It was treason for those founding fathers to gather together in Independence Hall in Philadelphia. Putting pen to paper condemned each of them to the gallows or the headsman's tender mercies. It was the brink that they couldn't step back from, and yet they did it.
A woman asked Dr. Benjamin Franklin as he left the hall what kind of government they created. He responded, "A Republic, if you can keep it."
Sometimes I feel as if the Constitution hangs by a thread, and the Republic, under God has been diluted through the lusts of the 'progressive'. The 'new morality' is simply the old immorality. There's really no other way to couch it. We will survive so long as we are a moral nation. Yet the most dangerous place to be a black person is in the womb...in New York City. You can't separate the sanctity of life from the sanctity of freedom.
The men who signed the Declaration 235 years ago. Understood this. It's a pity that so many of us do not.

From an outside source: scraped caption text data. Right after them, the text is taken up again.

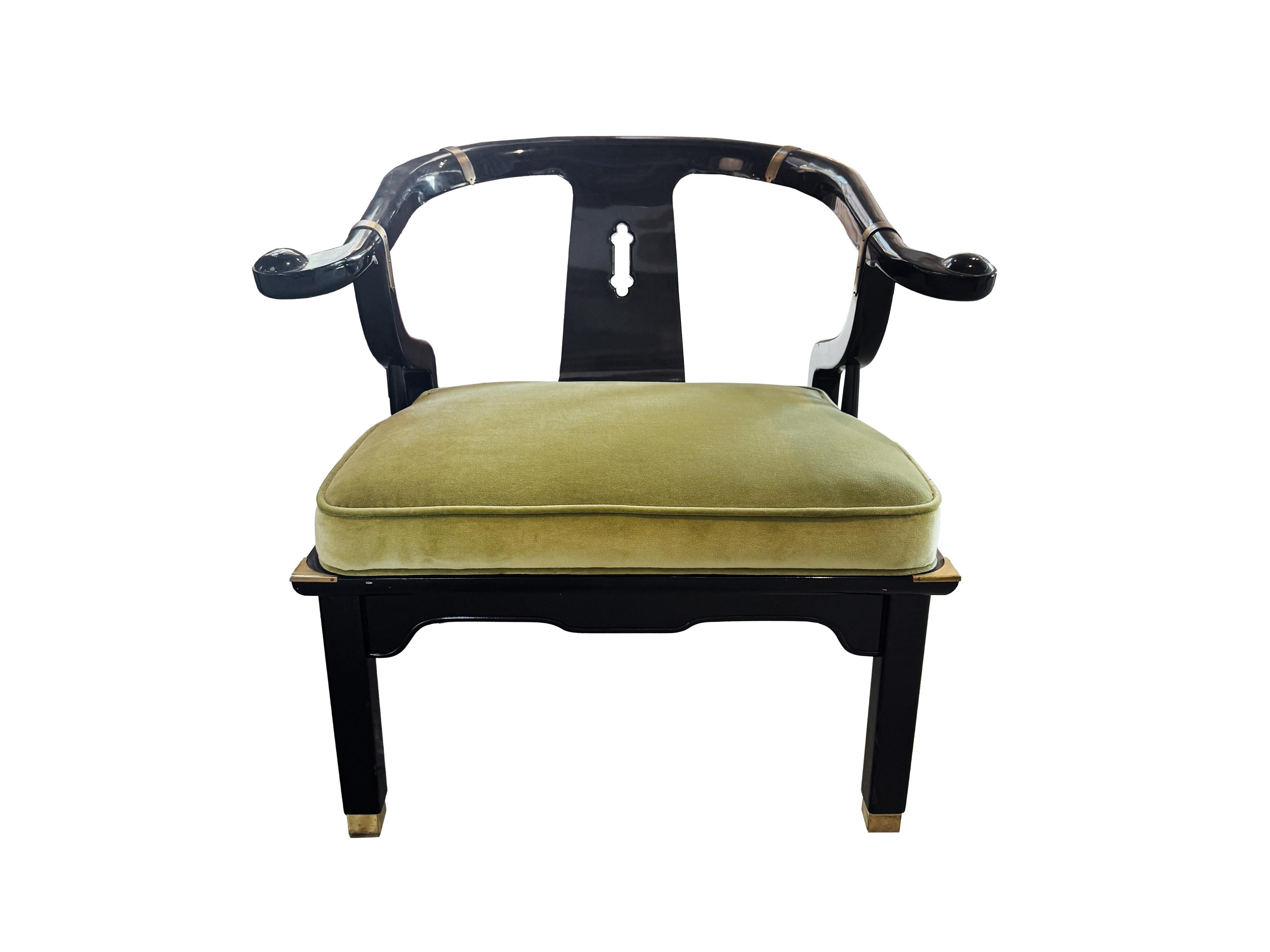 Hollywood Regency Paire de chaises en laque noire et laiton de style Ming Ming, de James Mont en vente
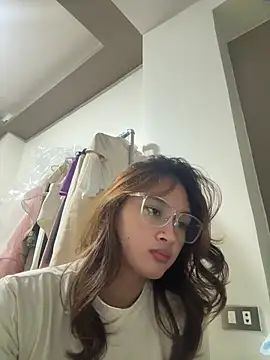 LanySylvia online show from 3, 4, 2026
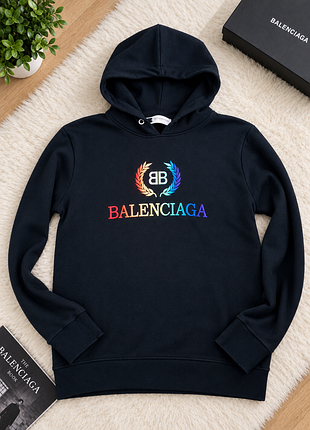 Чёрное худи толстовка balenciaga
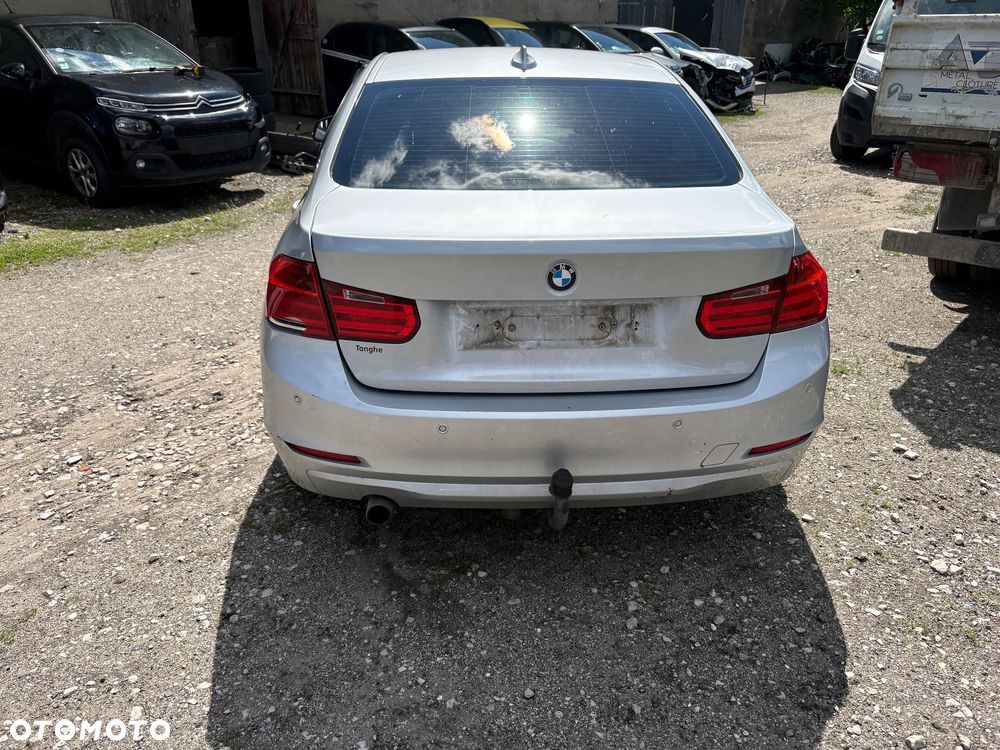BMW Seria 3 318d Luxury Line - 5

What manner of men were they? Twenty-four were lawyers and jurists, 11 were merchants and tradesmen, and nine were farmers. They were soft-spoken men of means and education; they were not an unwashed rabble. They had achieved security but valued freedom more. Their stories have not been told nearly enough.
John Hart was driven from the side of his desperately ill wife. For more than a year he lived in the forest and in caves before he returned to find his wife dead, his children vanished, his property destroyed. He died of exhaustion and a broken heart.
Carter Braxton of Virginia lost all his ships, sold his home to pay his debts, and died in rags. And so it was with Ellery, Clymer, Hall, Walton, Gwinnett, Rutledge, Morris, Livingston and Middleton. Nelson personally urged Washington to fire on his home and destroy it when it became the headquarters for General Cornwallis. Nelson died bankrupt.
But they sired a nation that grew from sea to shining sea. Five million farms, quiet villages, cities that never sleep, 3 million square miles of forest, field, mountain and desert, 227 million people with a pedigree that includes the bloodlines of all the world. In recent years, however, I’ve come to think of that day as more than just the birthday of a nation.
It also commemorates the only true philosophical revolution in all history.
Oh, there have been revolutions before and since ours. But those revolutions simply exchanged one set of rules for another. Ours was a revolution that changed the very concept of government.
Let the Fourth of July always be a reminder that here in this land, for the first time, it was decided that man is born with certain God-given rights; that government is only a convenience created and managed by the people, with no powers of its own except those voluntarily granted to it by the people.
- President Ronald ReaganI wish you all the best of Independence Days. And may Freedom reign in the Spirt of '76!